### INSTRUCTIONS FOR THE TASK
Each line from the one holding "Glass Brunswick Crystal" to the end of the data below must be output verbatim, with no other lines.

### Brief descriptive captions
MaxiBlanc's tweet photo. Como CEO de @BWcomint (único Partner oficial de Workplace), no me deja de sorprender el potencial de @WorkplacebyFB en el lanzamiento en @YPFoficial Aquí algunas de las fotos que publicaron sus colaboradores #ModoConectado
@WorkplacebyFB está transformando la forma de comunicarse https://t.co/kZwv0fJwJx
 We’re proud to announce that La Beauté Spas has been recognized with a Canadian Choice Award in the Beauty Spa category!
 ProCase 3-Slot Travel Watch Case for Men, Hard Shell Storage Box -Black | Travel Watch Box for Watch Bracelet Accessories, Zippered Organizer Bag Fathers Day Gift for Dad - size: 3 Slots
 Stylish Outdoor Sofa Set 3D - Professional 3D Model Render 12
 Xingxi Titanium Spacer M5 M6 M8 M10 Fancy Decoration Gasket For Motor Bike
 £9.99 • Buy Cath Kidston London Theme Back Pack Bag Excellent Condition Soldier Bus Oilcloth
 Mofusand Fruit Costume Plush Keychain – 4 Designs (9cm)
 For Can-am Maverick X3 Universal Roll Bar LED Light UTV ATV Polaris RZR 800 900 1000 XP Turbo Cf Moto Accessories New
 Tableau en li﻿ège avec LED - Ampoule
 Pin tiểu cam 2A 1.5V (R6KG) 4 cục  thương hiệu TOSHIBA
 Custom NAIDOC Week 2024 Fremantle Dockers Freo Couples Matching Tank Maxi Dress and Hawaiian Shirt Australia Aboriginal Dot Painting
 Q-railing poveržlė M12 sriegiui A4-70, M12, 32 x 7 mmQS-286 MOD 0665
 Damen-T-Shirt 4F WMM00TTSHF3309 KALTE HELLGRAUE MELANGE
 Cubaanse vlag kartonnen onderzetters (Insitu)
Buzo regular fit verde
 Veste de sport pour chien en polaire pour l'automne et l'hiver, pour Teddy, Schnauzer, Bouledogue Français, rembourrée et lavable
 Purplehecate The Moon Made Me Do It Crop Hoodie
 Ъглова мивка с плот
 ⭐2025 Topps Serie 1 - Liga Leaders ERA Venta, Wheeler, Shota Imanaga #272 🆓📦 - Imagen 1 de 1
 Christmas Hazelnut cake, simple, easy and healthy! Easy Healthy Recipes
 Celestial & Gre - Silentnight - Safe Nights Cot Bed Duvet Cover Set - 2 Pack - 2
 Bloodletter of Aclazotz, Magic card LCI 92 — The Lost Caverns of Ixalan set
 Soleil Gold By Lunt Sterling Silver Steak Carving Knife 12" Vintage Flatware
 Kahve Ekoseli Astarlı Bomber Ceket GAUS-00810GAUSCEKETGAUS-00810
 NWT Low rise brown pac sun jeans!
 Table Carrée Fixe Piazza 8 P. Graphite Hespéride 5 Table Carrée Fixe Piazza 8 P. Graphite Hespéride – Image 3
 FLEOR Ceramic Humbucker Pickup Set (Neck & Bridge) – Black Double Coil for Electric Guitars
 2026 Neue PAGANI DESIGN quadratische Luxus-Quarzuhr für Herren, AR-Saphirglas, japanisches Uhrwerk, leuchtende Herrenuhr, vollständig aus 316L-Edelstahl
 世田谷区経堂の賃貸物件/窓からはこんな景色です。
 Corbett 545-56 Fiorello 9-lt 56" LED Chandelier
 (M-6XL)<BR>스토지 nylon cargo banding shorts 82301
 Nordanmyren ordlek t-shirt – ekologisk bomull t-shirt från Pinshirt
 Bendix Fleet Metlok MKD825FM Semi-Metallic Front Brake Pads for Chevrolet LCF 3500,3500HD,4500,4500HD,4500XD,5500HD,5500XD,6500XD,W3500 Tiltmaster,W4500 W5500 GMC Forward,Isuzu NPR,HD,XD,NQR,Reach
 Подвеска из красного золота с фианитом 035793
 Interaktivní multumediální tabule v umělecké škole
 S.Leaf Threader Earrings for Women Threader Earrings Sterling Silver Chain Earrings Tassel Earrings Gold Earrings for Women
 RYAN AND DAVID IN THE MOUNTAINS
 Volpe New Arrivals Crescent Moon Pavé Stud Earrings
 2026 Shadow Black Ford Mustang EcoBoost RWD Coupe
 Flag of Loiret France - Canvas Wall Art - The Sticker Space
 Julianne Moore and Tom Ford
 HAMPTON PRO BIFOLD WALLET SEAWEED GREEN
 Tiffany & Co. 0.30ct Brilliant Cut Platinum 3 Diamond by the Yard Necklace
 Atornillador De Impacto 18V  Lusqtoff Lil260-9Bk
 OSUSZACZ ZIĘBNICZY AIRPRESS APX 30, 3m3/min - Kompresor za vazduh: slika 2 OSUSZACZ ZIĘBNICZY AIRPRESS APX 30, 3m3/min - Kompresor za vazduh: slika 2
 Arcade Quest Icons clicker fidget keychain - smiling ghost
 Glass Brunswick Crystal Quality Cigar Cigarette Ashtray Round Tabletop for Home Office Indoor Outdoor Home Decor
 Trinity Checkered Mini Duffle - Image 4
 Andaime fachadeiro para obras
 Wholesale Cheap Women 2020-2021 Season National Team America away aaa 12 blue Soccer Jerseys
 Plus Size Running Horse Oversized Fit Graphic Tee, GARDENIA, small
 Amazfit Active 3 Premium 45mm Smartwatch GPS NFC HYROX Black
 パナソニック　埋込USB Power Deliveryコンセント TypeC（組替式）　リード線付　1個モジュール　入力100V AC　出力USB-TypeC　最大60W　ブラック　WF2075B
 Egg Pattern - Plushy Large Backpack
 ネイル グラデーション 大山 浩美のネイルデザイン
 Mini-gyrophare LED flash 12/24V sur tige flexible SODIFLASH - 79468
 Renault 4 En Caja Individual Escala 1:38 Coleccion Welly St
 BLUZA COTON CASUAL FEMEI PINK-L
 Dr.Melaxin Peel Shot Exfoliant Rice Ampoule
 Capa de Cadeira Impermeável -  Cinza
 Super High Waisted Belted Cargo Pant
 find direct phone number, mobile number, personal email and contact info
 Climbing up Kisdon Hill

### SOLUTION TO THIS EXERCISE
 Glass Brunswick Crystal Quality Cigar Cigarette Ashtray Round Tabletop for Home Office Indoor Outdoor Home Decor
 Trinity Checkered Mini Duffle - Image 4
 Andaime fachadeiro para obras
 Wholesale Cheap Women 2020-2021 Season National Team America away aaa 12 blue Soccer Jerseys
 Plus Size Running Horse Oversized Fit Graphic Tee, GARDENIA, small
 Amazfit Active 3 Premium 45mm Smartwatch GPS NFC HYROX Black
 パナソニック　埋込USB Power Deliveryコンセント TypeC（組替式）　リード線付　1個モジュール　入力100V AC　出力USB-TypeC　最大60W　ブラック　WF2075B
 Egg Pattern - Plushy Large Backpack
 ネイル グラデーション 大山 浩美のネイルデザイン
 Mini-gyrophare LED flash 12/24V sur tige flexible SODIFLASH - 79468
 Renault 4 En Caja Individual Escala 1:38 Coleccion Welly St
 BLUZA COTON CASUAL FEMEI PINK-L
 Dr.Melaxin Peel Shot Exfoliant Rice Ampoule
 Capa de Cadeira Impermeável -  Cinza
 Super High Waisted Belted Cargo Pant
 find direct phone number, mobile number, personal email and contact info
 Climbing up Kisdon Hill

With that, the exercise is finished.